杉に囲まれた石畳を抜けると三叉路、前回ここで坂道を下る方向へ曲がってしまったのが大間違い。山の辺の道は坂道を上る方向、ストリートビューに見える道標の←玄賓庵が山の辺の道です。

オレンジ色の小さなきのこはヒメダイダイダケで間違いなさそうです。

柿本人麻呂の歌碑

古の人の植えけむ杉が枝に 霞たなびく春は来ぬらし

はるかな古代から既に杉が植林されていたとはビックリです。「古」のプレートはだいぶ前に開催されたイベントの時のものと思われます。

漸く檜原神社に到着。

お茶屋さんでランチ、にゅうめんのセットに三諸杉。動物性タンパク質はご飯にかかったふりかけのちりめんじゃこと、にゅうめんに入ったかまぼこの欠片だけでほぼ99%精進料理。

お茶屋さん前の畑にはスノーフレークがいっぱい。

山の辺の道から少し外れて井寺池へ。井寺下池から二上山。朝がおかいさん、昼がほぼ精進料理ではやはりパワーが出てきません。動物性タンパク質が欲しい。

川端康成揮毫の倭建命の歌

大和は 國のまほろば たたなづく 青かき 山ごもれる 大和し 美し

山の辺の道を象徴する歌碑です。以前ここでアオモンイトトンボやエナガなど小さな仲間たちに会ったことが思い出されるポイントですが、今日はお弁当食べてるお姉さんだけでした。井寺上池から三輪山。

相撲神社から長岳寺

先へ進みます。鮮やかなフリージア、葉桜も美しい。檜原神社でもスタンプラリーのチェックインを忘れたことに気づきました。

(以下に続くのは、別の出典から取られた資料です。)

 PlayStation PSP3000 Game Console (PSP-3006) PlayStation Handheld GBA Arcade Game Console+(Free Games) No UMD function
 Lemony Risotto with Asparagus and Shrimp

トキワマンサクはこの道にはちょっと派手すぎ。ボケの茂みにメジロが隠れています。

無人販売所が増えてきました。アヤメの一種ダッチアイリスです。

これもハデハデ、アネモネです。

相撲神社200m→、とあったのでちょっと寄り道してみると第12代景行天皇纒向日代宮跡の碑、ここも日本の首都だったようです。日本の首都の一覧表以前の都です。

谷に広がる纏向遺跡、邪馬台国の最有力候補地です。山の辺の道を何度も歩いているのに、邪馬台国がこんなに近くにあるとは知りませんでしたが、歴史公園として整備された吉野ケ里遺跡と比べるとかなり地味です。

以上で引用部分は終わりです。